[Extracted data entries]
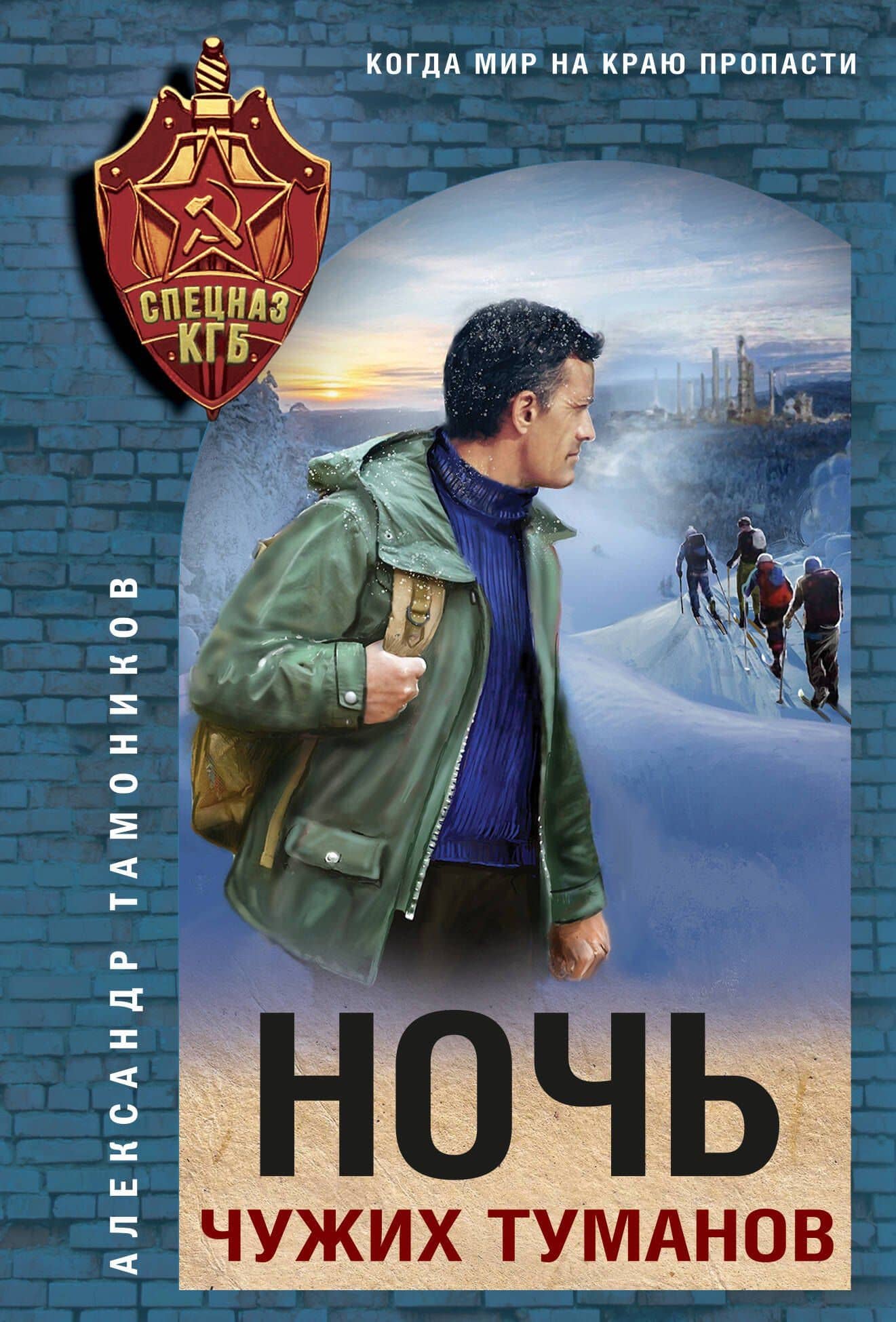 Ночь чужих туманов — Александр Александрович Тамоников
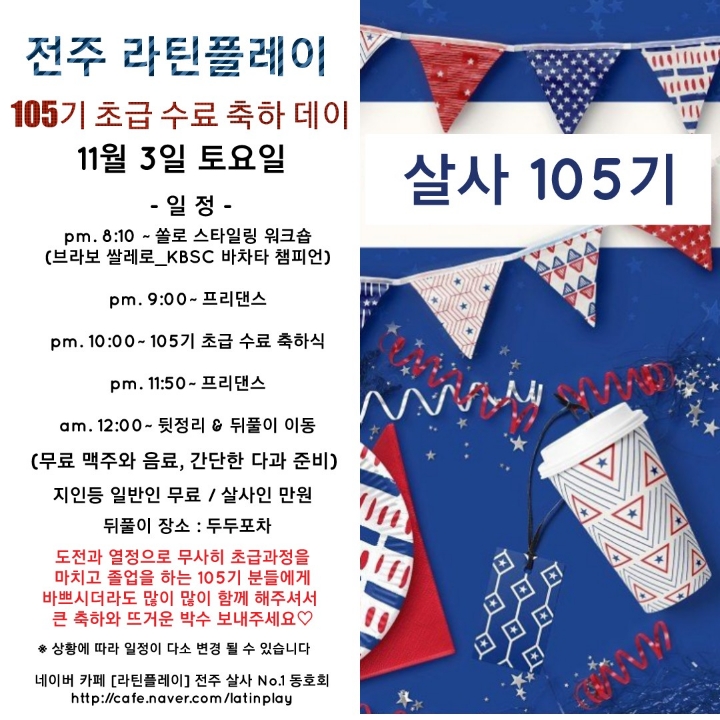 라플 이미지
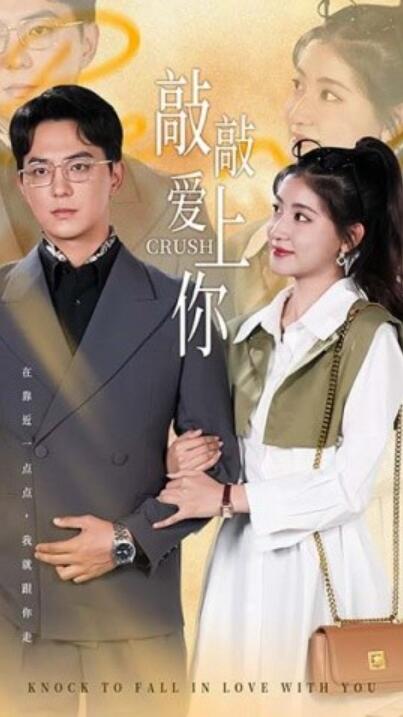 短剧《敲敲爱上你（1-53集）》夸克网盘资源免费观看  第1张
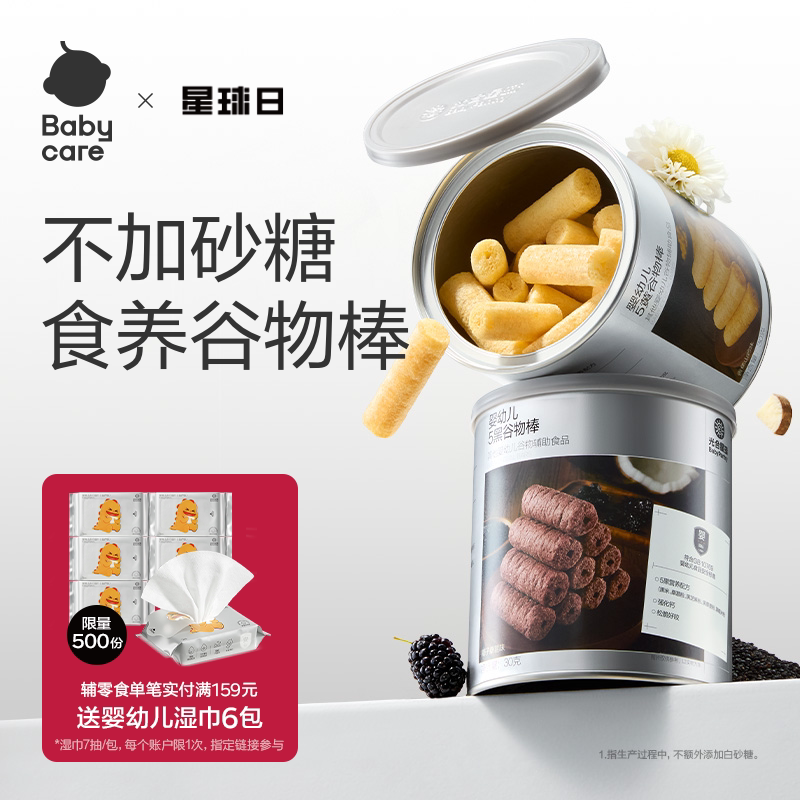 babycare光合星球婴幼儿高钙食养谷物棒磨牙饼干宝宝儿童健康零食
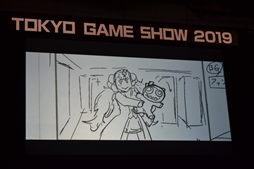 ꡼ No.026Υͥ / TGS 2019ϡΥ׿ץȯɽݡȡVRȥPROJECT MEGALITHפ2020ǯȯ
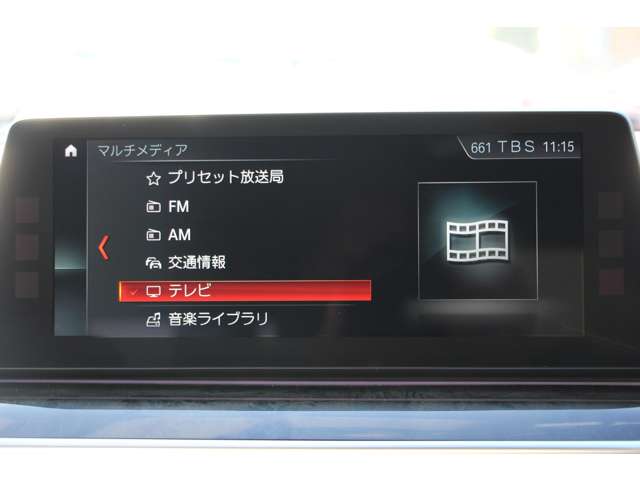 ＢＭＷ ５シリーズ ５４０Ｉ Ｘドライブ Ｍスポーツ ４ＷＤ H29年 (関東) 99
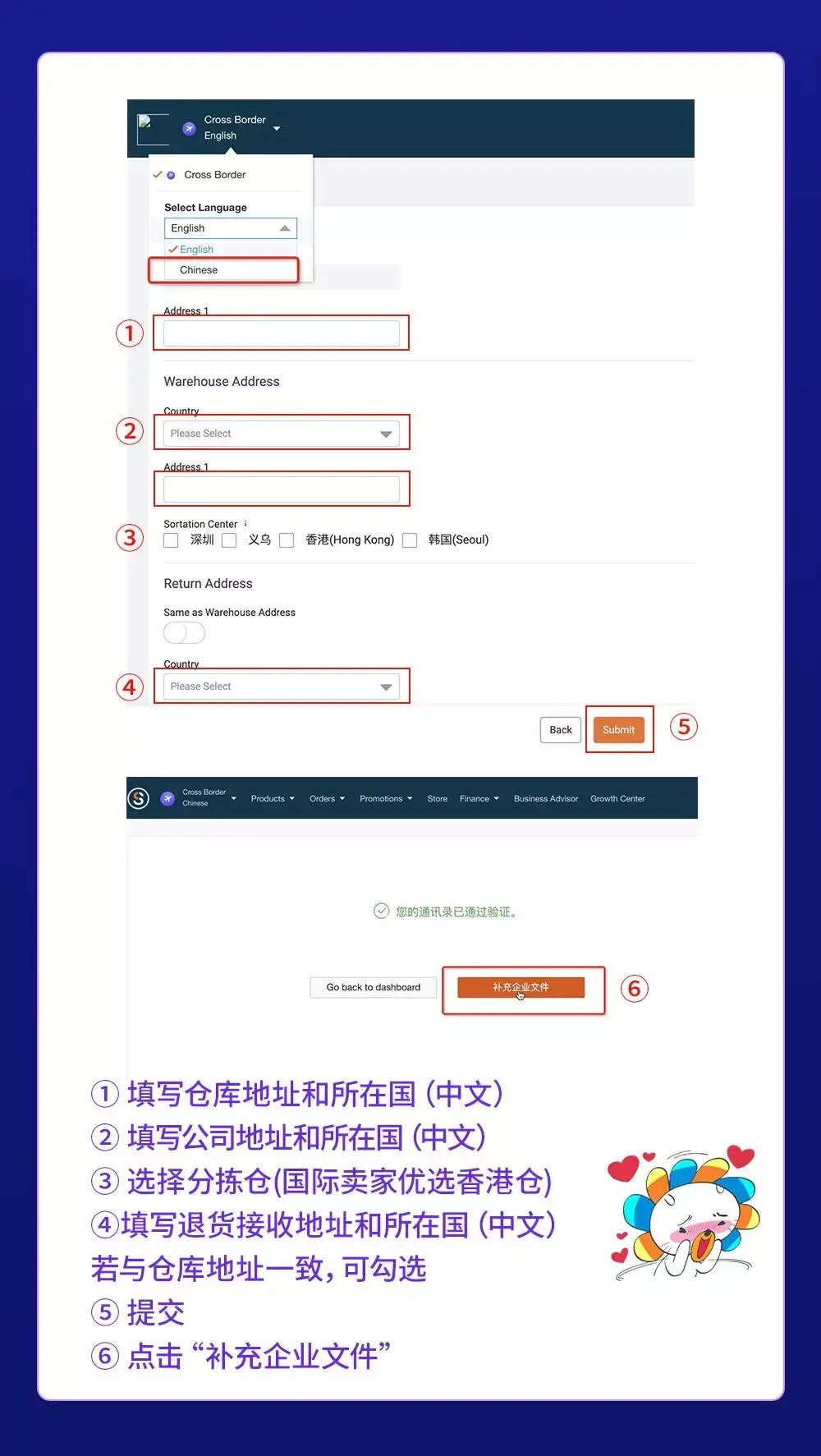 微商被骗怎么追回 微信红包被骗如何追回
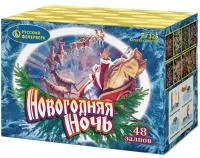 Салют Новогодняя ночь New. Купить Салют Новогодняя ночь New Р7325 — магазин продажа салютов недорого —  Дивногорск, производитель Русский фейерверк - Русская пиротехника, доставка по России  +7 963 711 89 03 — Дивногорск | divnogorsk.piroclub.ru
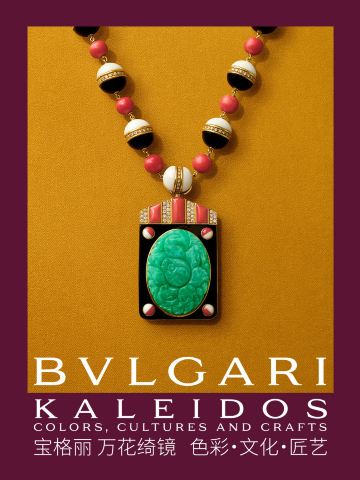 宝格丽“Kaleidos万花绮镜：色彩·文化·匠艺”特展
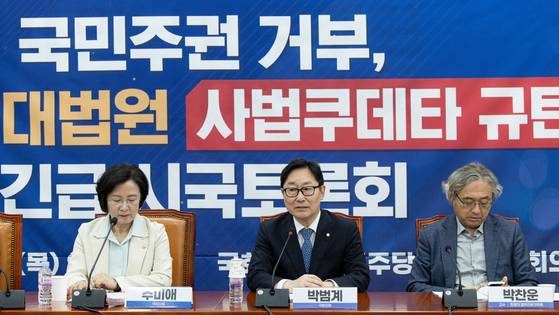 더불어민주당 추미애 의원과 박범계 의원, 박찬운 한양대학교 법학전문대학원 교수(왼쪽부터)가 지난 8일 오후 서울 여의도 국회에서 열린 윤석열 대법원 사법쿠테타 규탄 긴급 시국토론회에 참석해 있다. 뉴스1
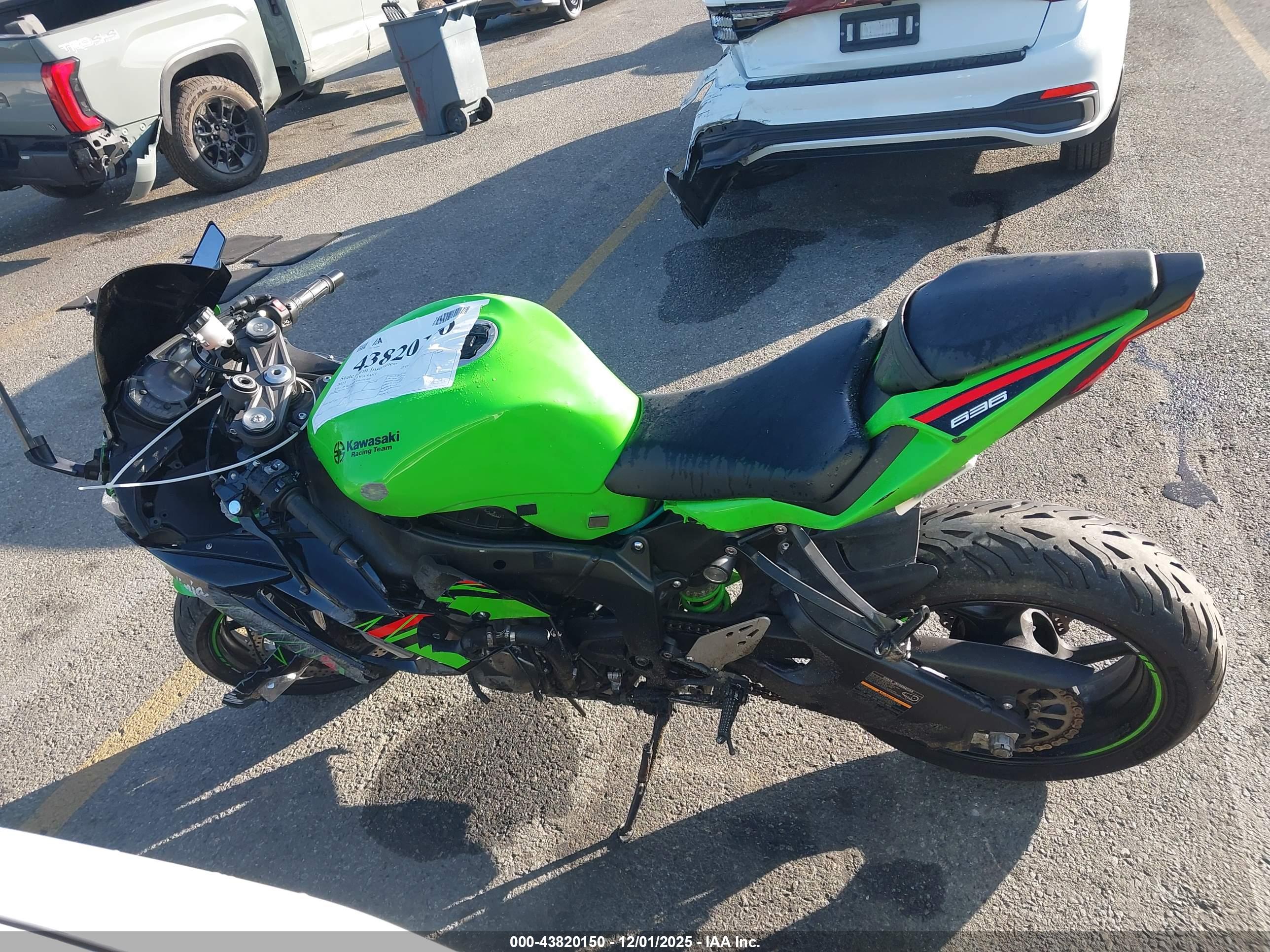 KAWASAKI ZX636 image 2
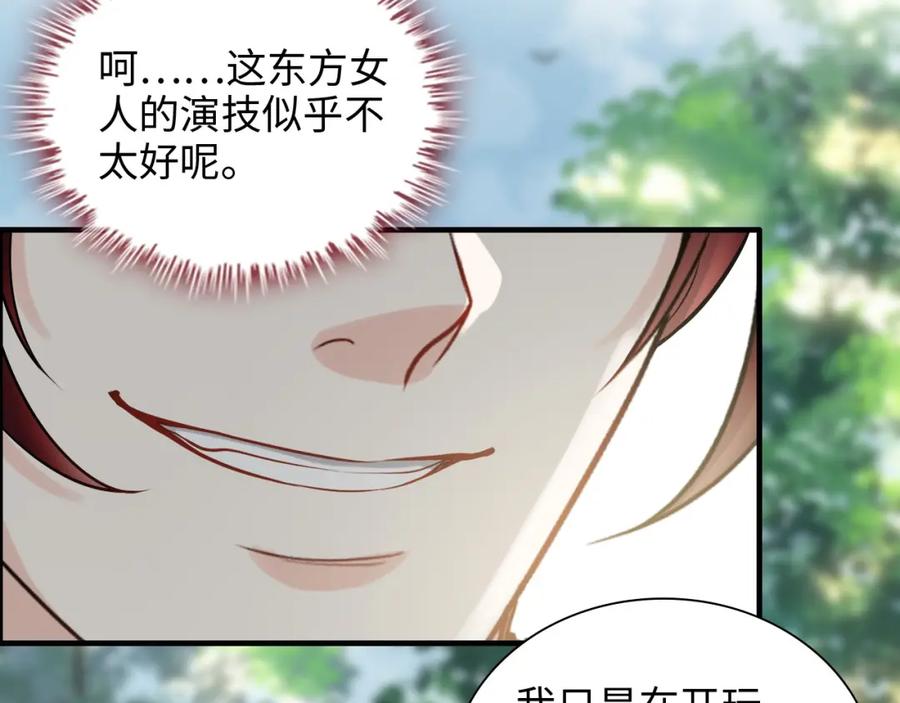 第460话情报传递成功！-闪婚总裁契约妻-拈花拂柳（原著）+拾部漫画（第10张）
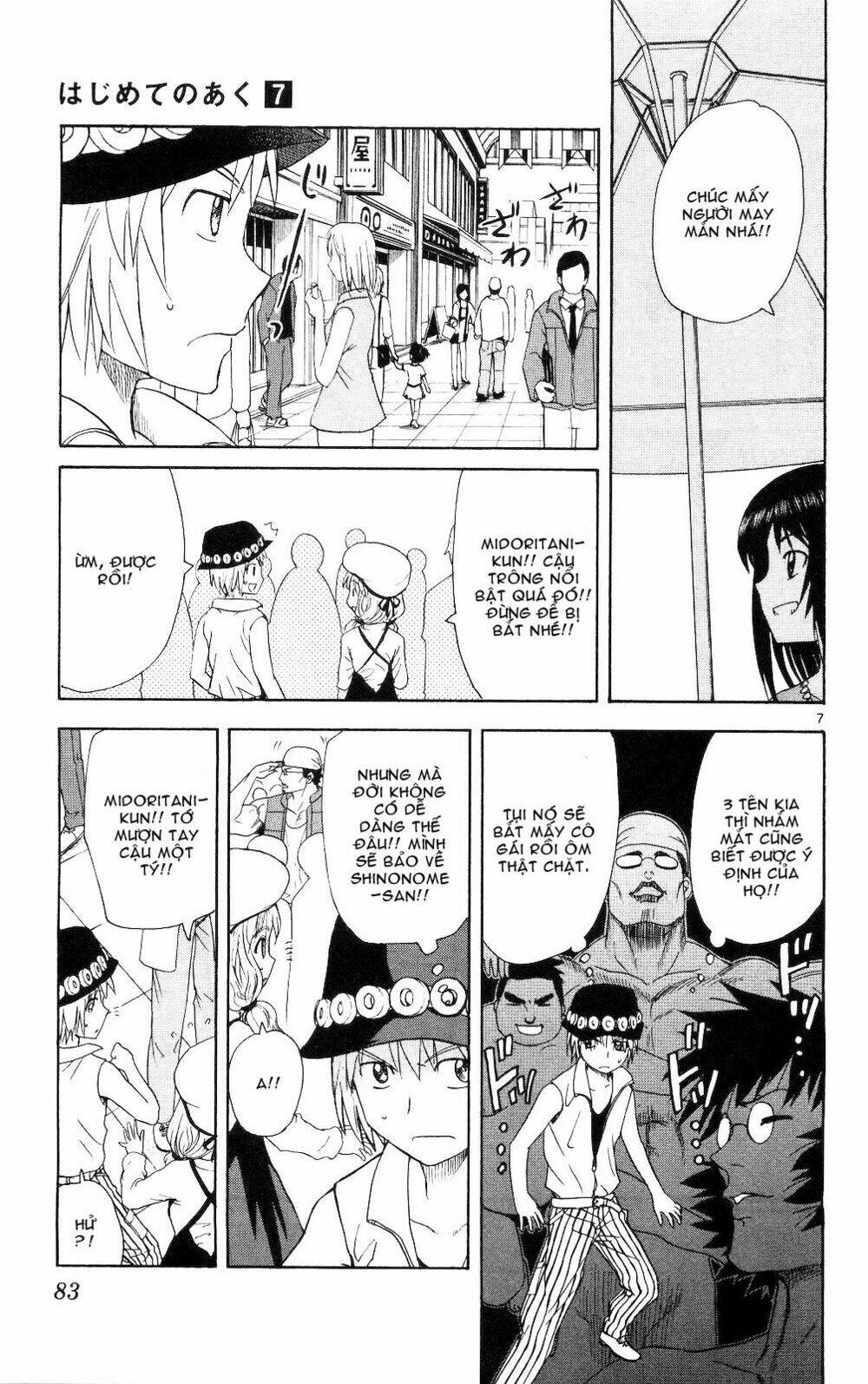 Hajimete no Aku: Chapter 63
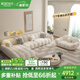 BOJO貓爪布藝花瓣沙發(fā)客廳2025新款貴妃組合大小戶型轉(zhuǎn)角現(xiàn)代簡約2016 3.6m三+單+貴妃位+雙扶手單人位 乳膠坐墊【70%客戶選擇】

### Problem statement
What you return must match, line for line, the records from the line containing "微商被骗怎么追回 微信红包被骗如何追回" through their end, with both ends included and no pictures.

### Task result
 微商被骗怎么追回 微信红包被骗如何追回
 Салют Новогодняя ночь New. Купить Салют Новогодняя ночь New Р7325 — магазин продажа салютов недорого —  Дивногорск, производитель Русский фейерверк - Русская пиротехника, доставка по России  +7 963 711 89 03 — Дивногорск | divnogorsk.piroclub.ru
 宝格丽“Kaleidos万花绮镜：色彩·文化·匠艺”特展
 더불어민주당 추미애 의원과 박범계 의원, 박찬운 한양대학교 법학전문대학원 교수(왼쪽부터)가 지난 8일 오후 서울 여의도 국회에서 열린 윤석열 대법원 사법쿠테타 규탄 긴급 시국토론회에 참석해 있다. 뉴스1
 KAWASAKI ZX636 image 2
 第460话情报传递成功！-闪婚总裁契约妻-拈花拂柳（原著）+拾部漫画（第10张）
 Hajimete no Aku: Chapter 63
 BOJO貓爪布藝花瓣沙發(fā)客廳2025新款貴妃組合大小戶型轉(zhuǎn)角現(xiàn)代簡約2016 3.6m三+單+貴妃位+雙扶手單人位 乳膠坐墊【70%客戶選擇】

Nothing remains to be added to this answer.